As far up in the stratosphere as Medvedeva is, is there any way for her to improve? Maybe. There's that arm-over-the-head thing: Some skating fans dislike the position, with the right arm bent, almost wrapping over her head. Compare the air position to Brian Boitano's groundbreaking 'Tano lutz, in which his left arm, which was nearly straight overhead, made for a dramatic lengthening in the air.

However, as the season progressed, Medvedeva kept adding jumps with both arms overhead, in a more extended position. Coaches I spoke to said that the position is not only more dramatic but more difficult. It would be exciting to see more arm variations: the left arm up instead of the right, a jump with both arms down at her sides, or perhaps a jump with one arm in front and one behind.

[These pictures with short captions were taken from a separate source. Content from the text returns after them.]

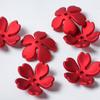 Borracha flor de cinco pétalas flor sino furo passante miçangas soltas miçangas DIY pulseira de personalidade acessórios de pulseira fabricantes atacado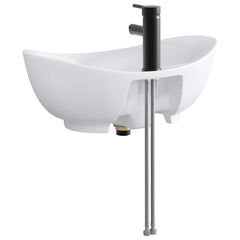 Bathroom Washbasin 59 x 35 x 21 cm Ceramic Matte black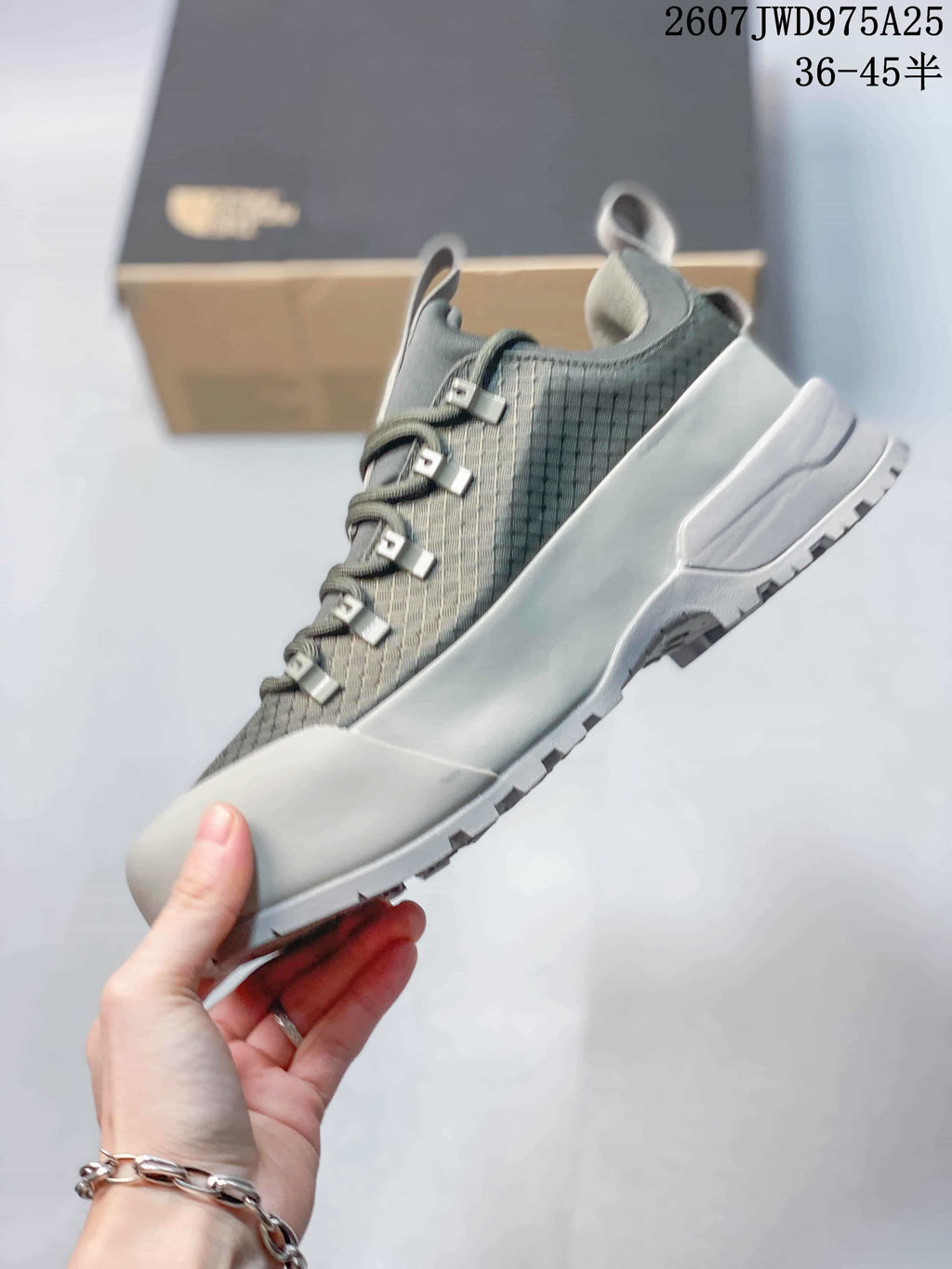 The North Face Gray Trail Hiking Sneakers 2607JWD975A25
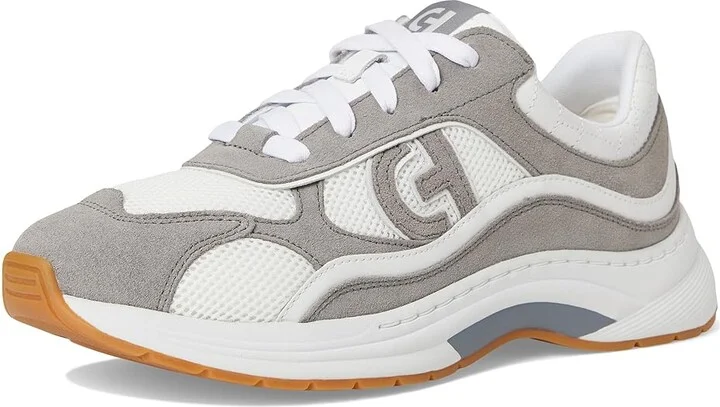 Cole Haan Grandpro Eleeana Runners Women's Shoes White Leather/Frost Gray Suede : 7 B - Medium, Leather/Suede - Image 5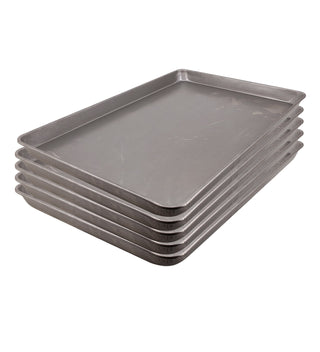 PACK 5 BANDEJAS ALUMINIO 40x60x4 cm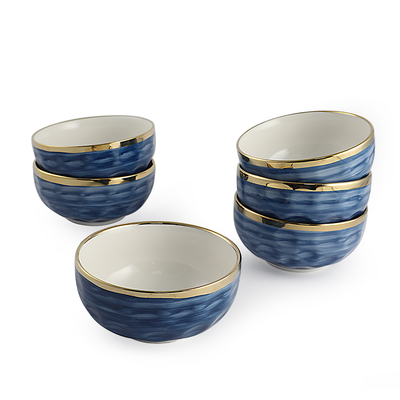 Solecasa 6 Piece Porcelain Bowl Set 4.5" - Al Makaan Store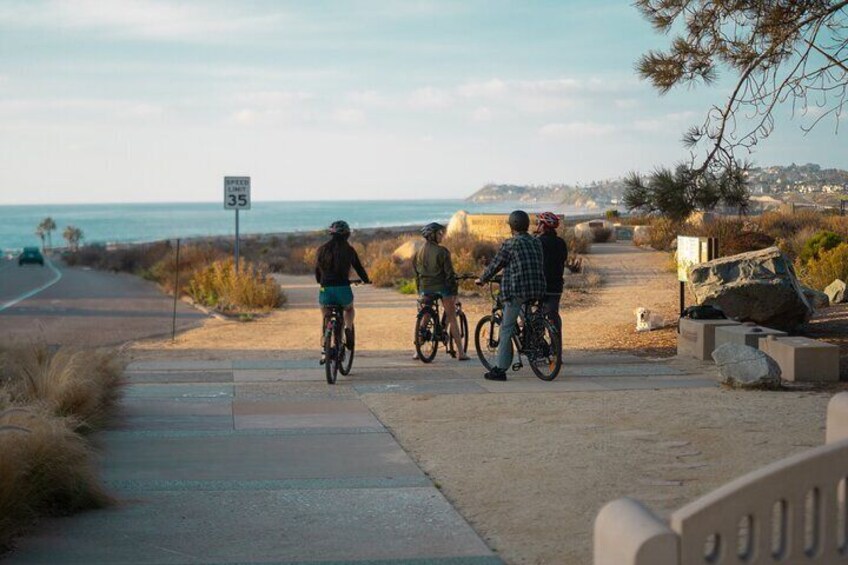 Electric Bike Guided North Coast Tour from Solana Beach to Moonlight Beach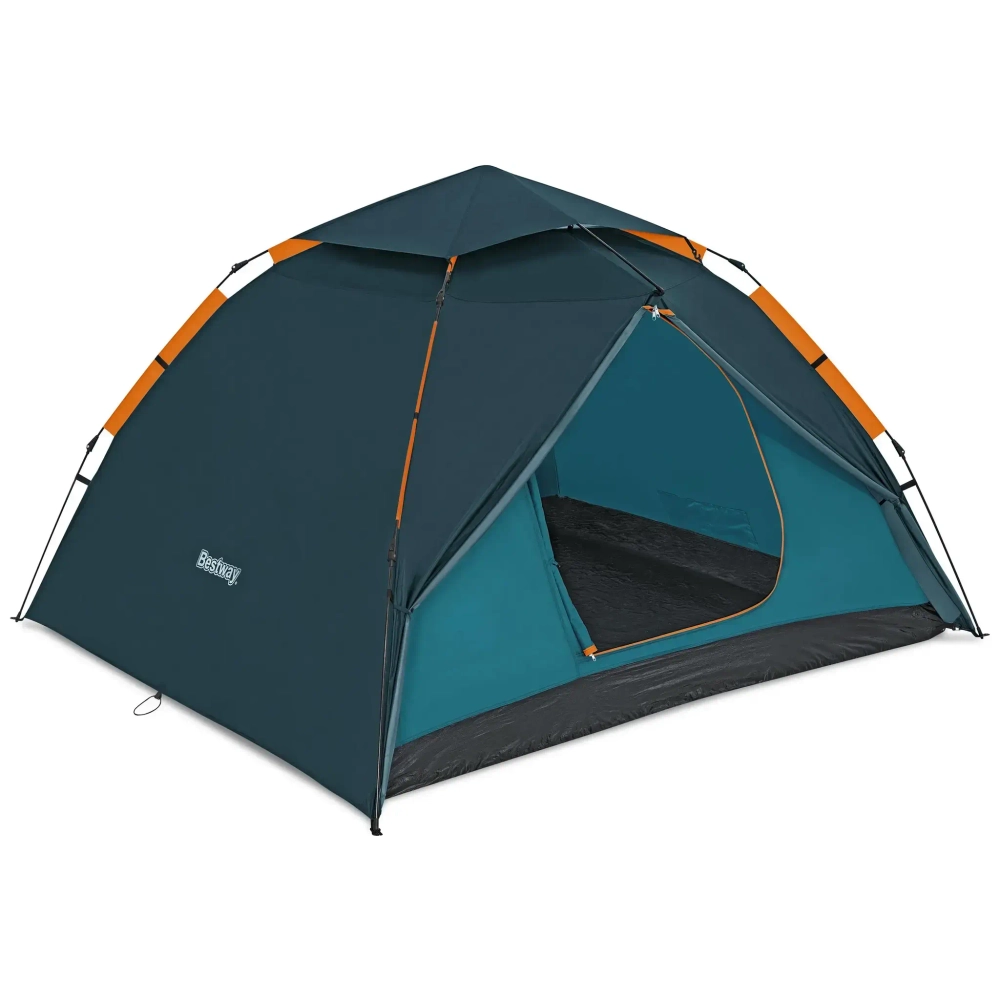 Палатка туристическая 4-местная 2-слойная Alpine Dome 4, размер (70+210+70)*240*138 см Bestway (68142)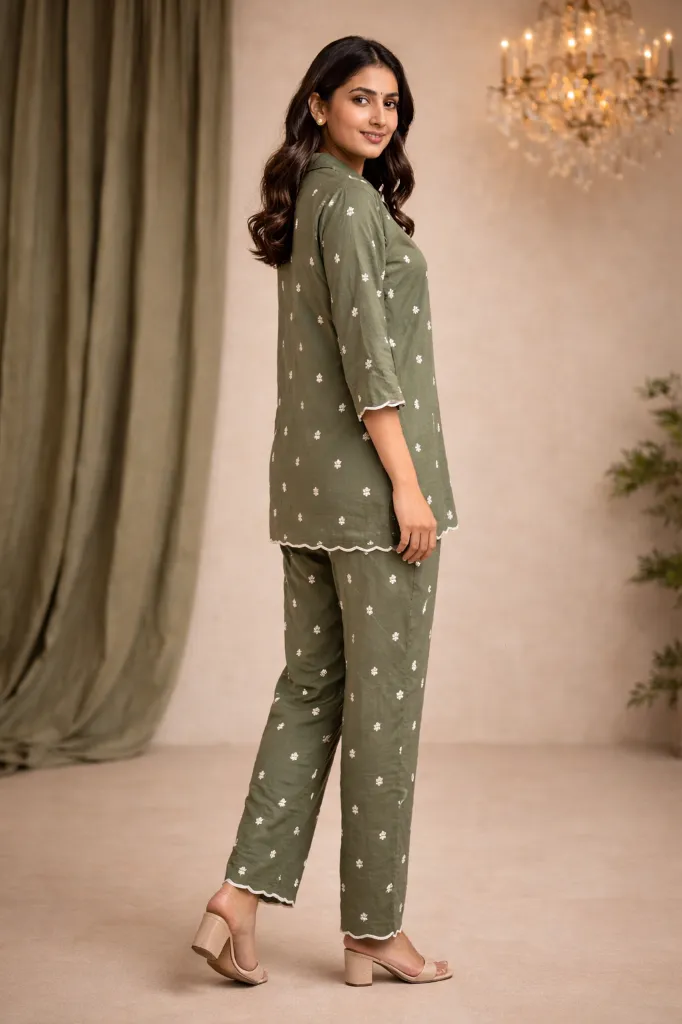 Green Emb Co-ord set (3).webp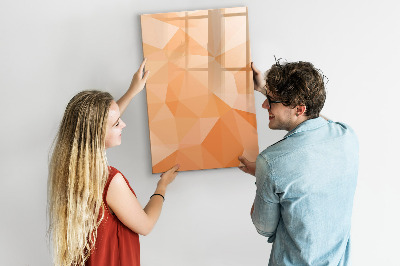 Tableau magnétique effaçable Un tableau coloré pour les photos et les notes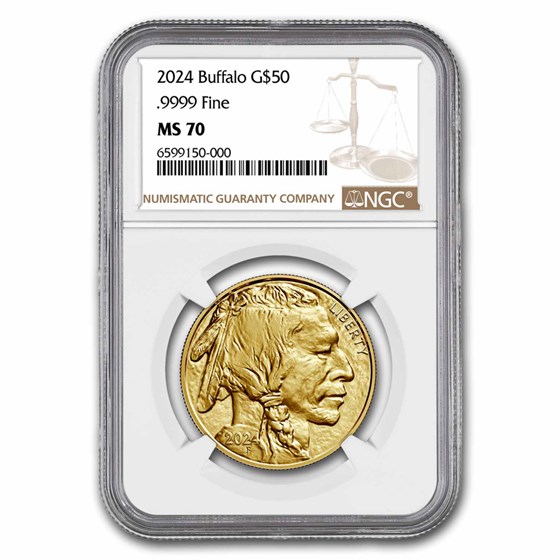 2024 1 oz Gold Buffalo MS-70 NGC 2024 1 oz Gold Buffalo MS-70 NGC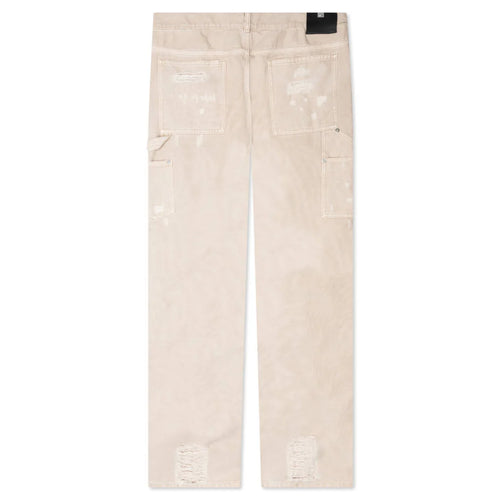 Destroyed Carpenter Pant Off White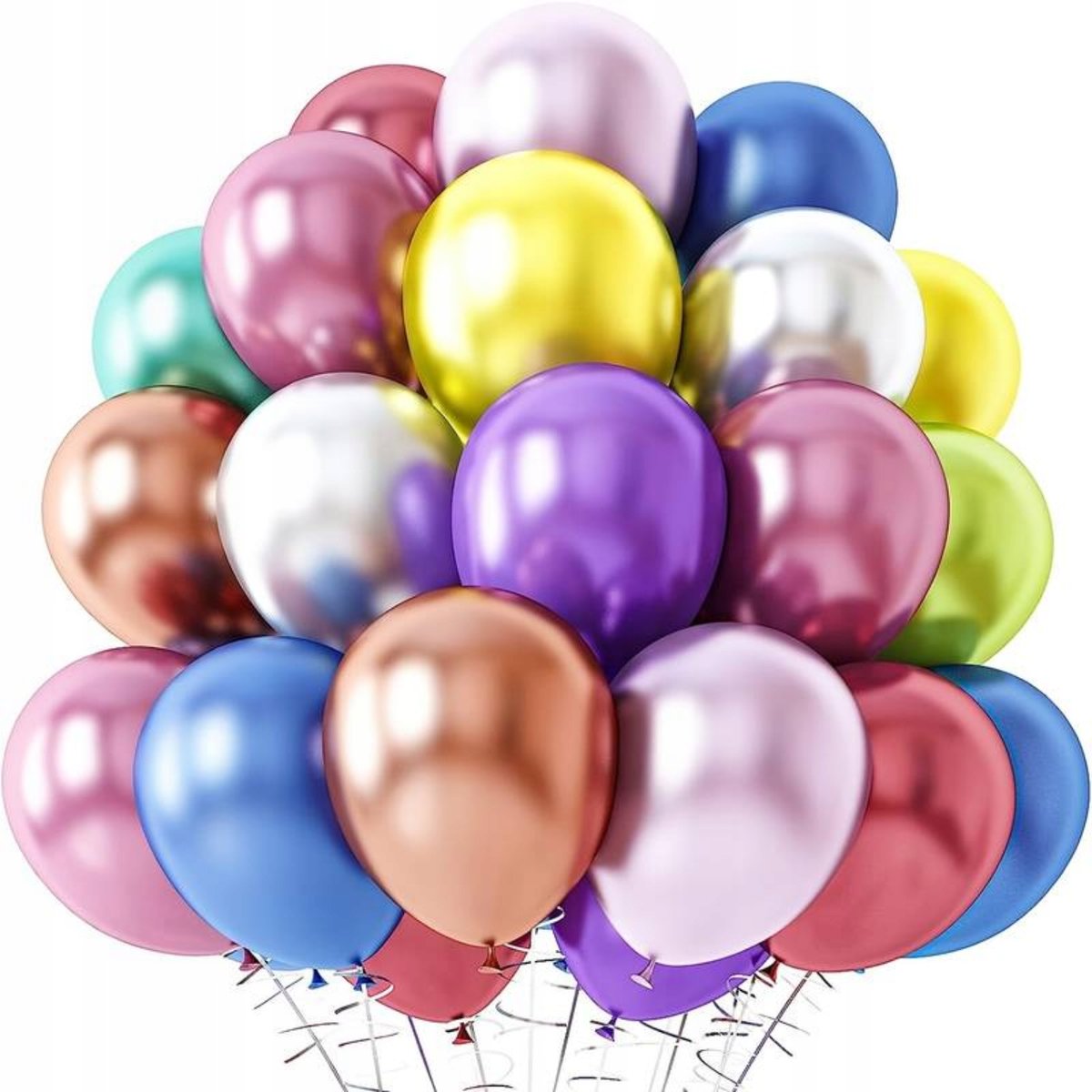 Balony kolorowe metalik chrom duże 12 cali urodziny wesele ślub 50 szt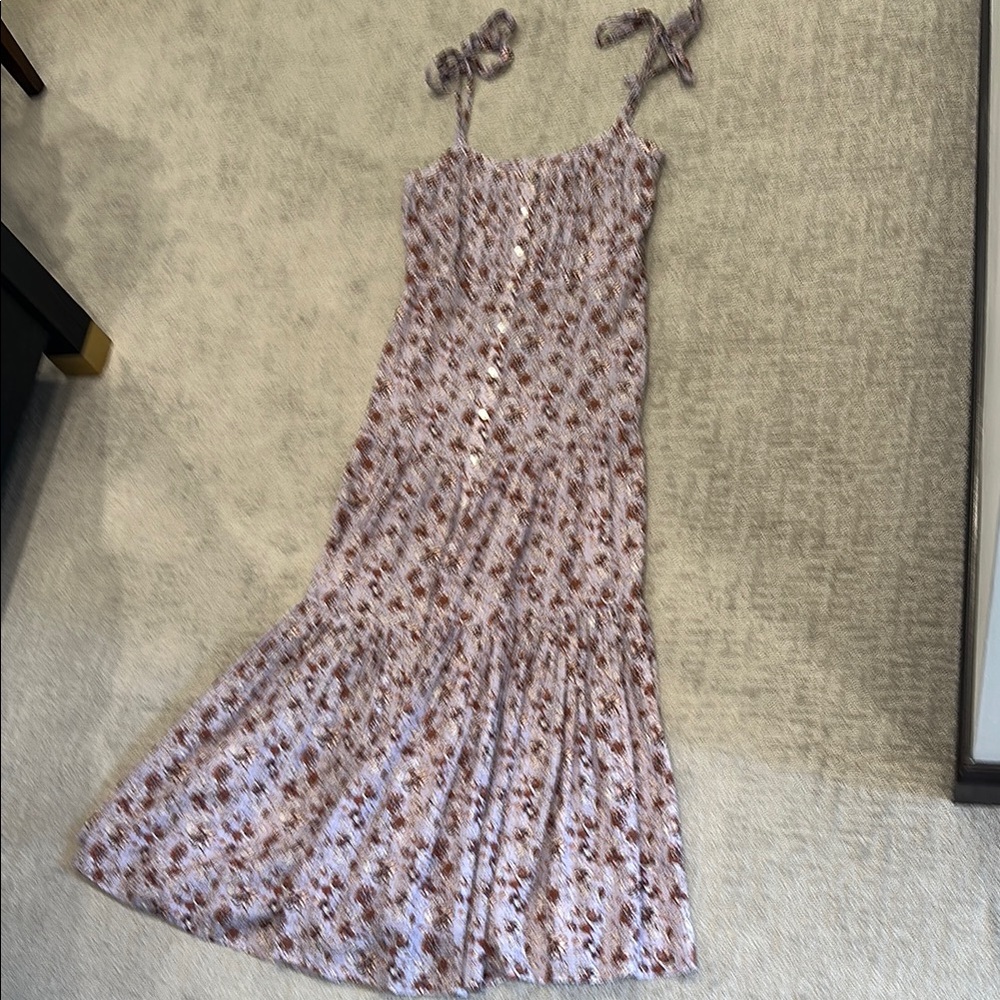 Floral Dress with Adjustable Straps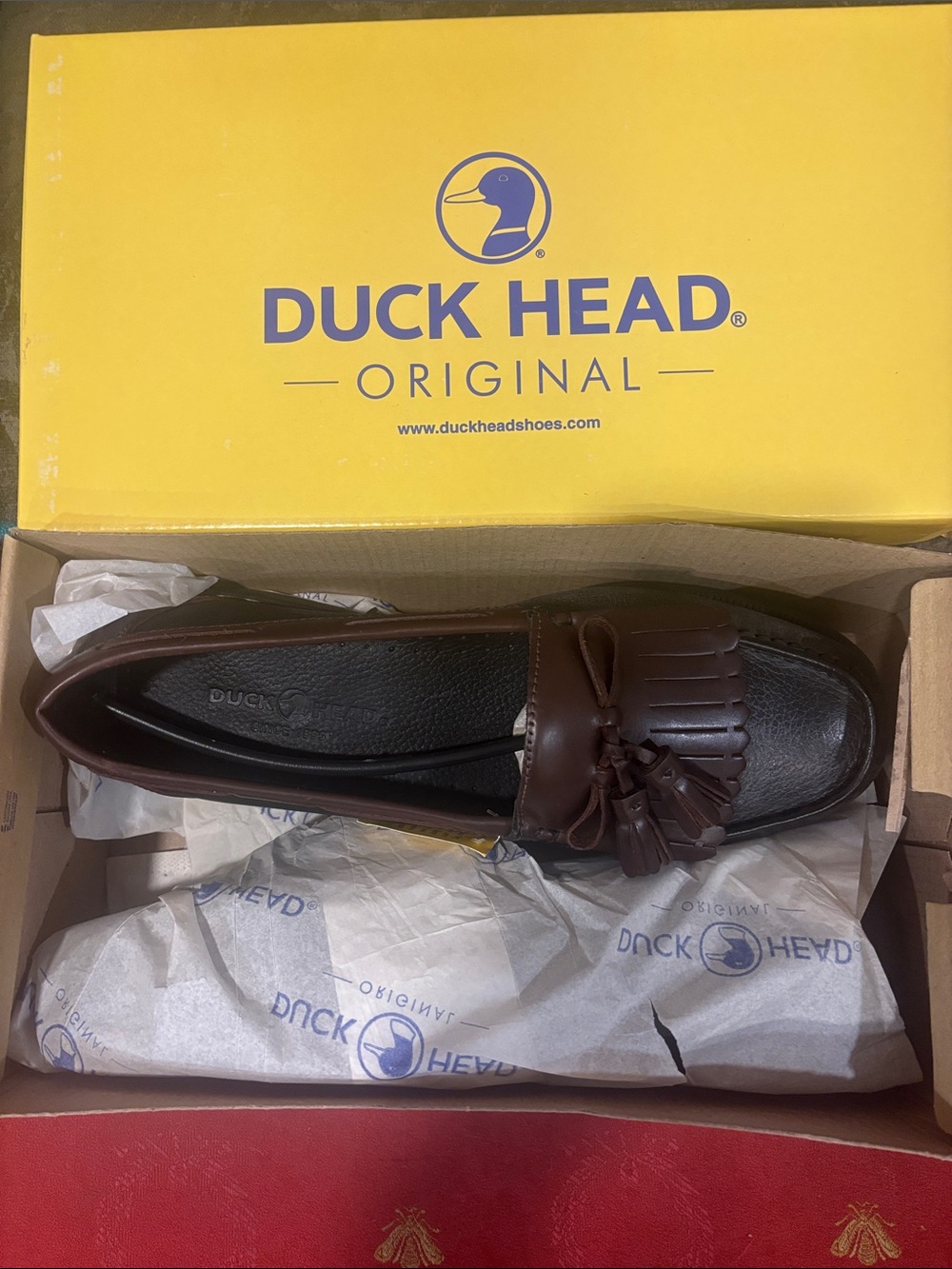 Duck Head Men’s Brown Leather Kiltie Tassel Loafers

Kostin would like to see more maturity on the ice, and bigger jumps. Medvedeva pulls in as quickly as possible when she takes off for a jump.

"Her jumps are quick; they're not huge, but they're quick," Kostin said. "They're not as mature, so she can improve the height a little bit."

On a more serious note, the subject matter of Medvedeva's free program caused a lot of discomfort in the U.S.

To see the events of 9/11 acted out by a Russian teenager who was a baby at the time of the attacks -- to hear sirens and explosions, to see Medvedeva miming the sorrow of a wife whose husband was killed in the Twin Towers -- took some viewers to a place they didn't expect to go to while watching a figure skating competition. People talked about "trigger warnings," with some justification. It will be interesting to see what she skates to next season.

Ah, next season. As of today, Medvedeva is as heavy a favorite to win the Olympic gold medal as, say, Kwan was in 1998 and 2002 -- which ought to remind us of how unpredictable figure skating can be.

"We are handing her the Olympic gold medal today," Brennan said. "I've been in the sport since 1988, and sometimes the people who have the medal handed to them don't win it. If I were one of the other pursuers, I would be very aware of the fact that skating is a slippery sport. There's nothing harder than going into the Olympics and doing what everyone thinks you're going to do. The world championships pressure and Olympic pressure are two entirely different things."

Time will tell how Medveedeva responds to the pressure she will face in PyeongChang next February. If she meets that challenge like she has every other one she has encountered over the last 18 months, she will return to Russia a national hero.